Dear Streets Department: Please Pick Up the Freaking Trash

The next time I have to hold my garbage for more than a week, I'm just going to drop it off on the commissioner's curb.

This is my trash. It is sitting on my curb in Philadelphia. It has been sitting there since 6:45 a.m. on Monday morning, when I got  out of bed, slid on some sneakers, and walked it, bleary-eyed, to my curb.

I didn’t want to miss the trash truck, since the Streets Department didn’t bother to pick up my trash last Monday.

You see, Philadelphia got a little bit of snow last Sunday night into Monday morning, and so the Streets Department told everyone who would normally have their trash picked up on Monday that they would have to hold their stinking refuse for an entire week, meaning until yesterday.

Except the trash truck never came by on Monday.

The same thing happened to me in mid-February and the same thing has been happening to friends and colleagues all over the city. Emaleigh Doley of Rockland Street in Germantown says that her block went without trash pickup for more than 16 days during one snowy February stretch. And in early January, the Streets Department cancelled trash pickup simply because it was too cold.

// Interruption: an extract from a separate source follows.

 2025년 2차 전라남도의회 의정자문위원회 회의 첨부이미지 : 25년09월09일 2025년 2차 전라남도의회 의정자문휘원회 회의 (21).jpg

The job of a sanitation worker — sorry, “sanitation specialist” — in the Streets Department is really pretty simple. You pick up my trash and take it somewhere else, and you do it on a certain day. And if you can’t do it on that day, you should have a really good reason for not doing so, and you should make your best effort to rectify the problem in a timely manner. For this, you earn somewhere between $38,657 and $49,703 each year, plus cushy union benefits to boot. And your boss, Streets Commissioner David Perri, earns $140,000.

Well, enough is enough. Oh, I know that it’s been a rough winter for everybody and that budgets are tight, but for a city with the second-highest tax burden of all major cities in the country, we should expect better. “[Our] citizens want and require a certain level of service here in the city, and we have to pay for that,” says Mayor Nutter. Well, we are paying for it, but we’re most decidedly not getting it. Point is, pick up the freaking trash.

The next time that the Streets Department fails to pick up my trash on Monday as scheduled and then sticks me with it for more than a week, I’m going to get in my car and drive my trash to the curb of Perri’s charming $415,000 home in Rhawnhurst. His trash day isn’t until Thursday, so it will sit there for a few days, just like the trash sits on the curbs of regular Philadelphians who don’t get paid $140,000 of Philadelphia taxpayers money to not do their jobs.

I’m sure this trash-relocation scheme is illegal, which is fine. I’m willing to accept the consequences. And any other Philadelphians who want in with me, just let me know. I’ll rent a truck.